7. Materials – paper
Don’t give huge amounts of photocopies. They end up as shopping lists or in the classroom bin.
8. Materials – digital
Powerpoints are usually teacher-fronted and can be boring, especially if they have a lot of text on them. Go to a conference, observe how presenters use powerpoint etc, and reflect on what engages and what doesn’t. Powerpoint is useful for reducing paper waste, but it’s more effective for images than text on the whole. If you DO use it, don’t whizz from slide to slide. Think “Can I get at least 10 minutes out of this slide? Will it get my students speaking, thinking, processing?” If not, consider ditching it (unless it’s an answer key, or similar). Materials should be stimuli, they are not The Lesson.

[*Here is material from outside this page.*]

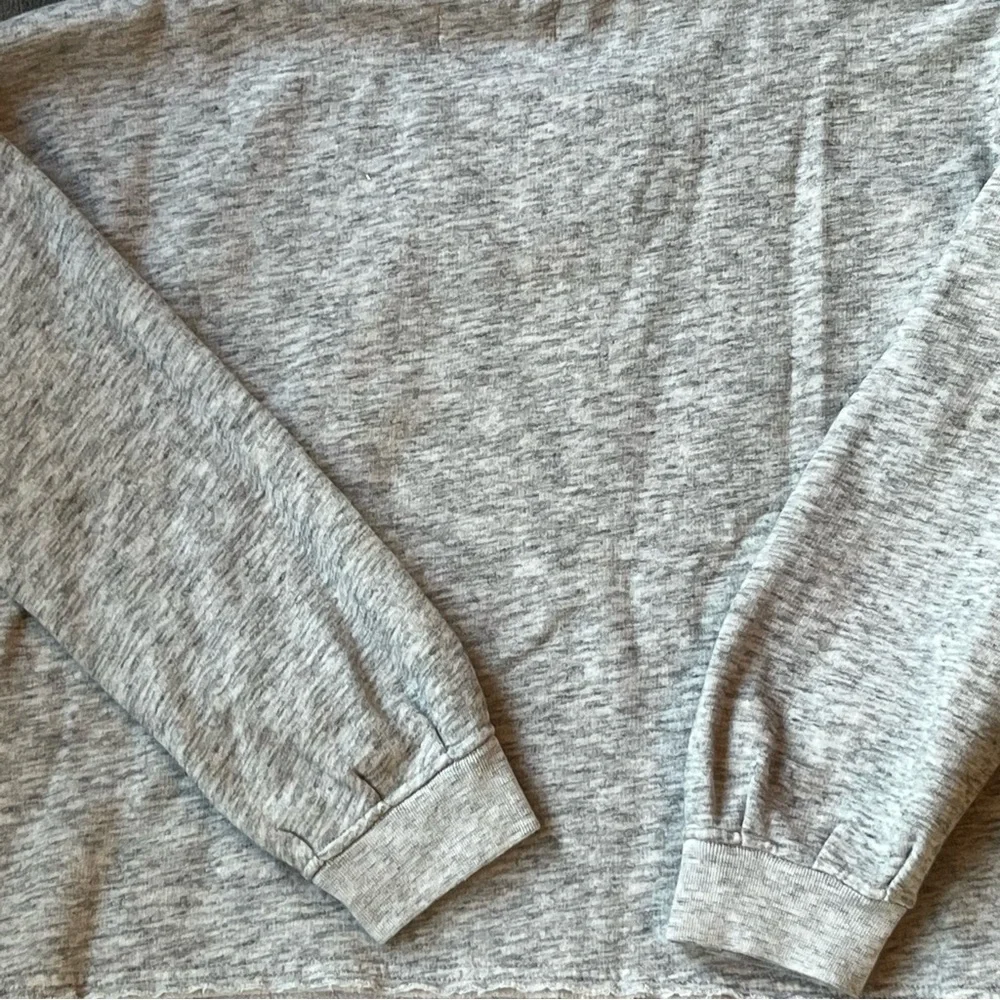 Rhinestone sweatshirt (13/14)
Heather oatmeal/grey - Picture 7 of 10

9. Out of the classroom – preparation
Don’t over-prepare. Prepare yourself more than your lesson. Think of ways to teach things that will generate language, engagement, spontaneity and connection, and check for potholes (see point 2 above). Check your materials work, but don’t waste time on detailed step-by-step lesson plans. You shouldn’t cling to a plan, there will be human beings in the room, not just you and your plan, so, as long as you have the general outline covered, have checked the answers to reading comprehensions (and can explain why they’re correct) and that there are no errors in the materials, just go in and have fun. 3-hour planning sessions for a 55 minute lesson should stay on your pre-sessional training course, but winging it is just as bad.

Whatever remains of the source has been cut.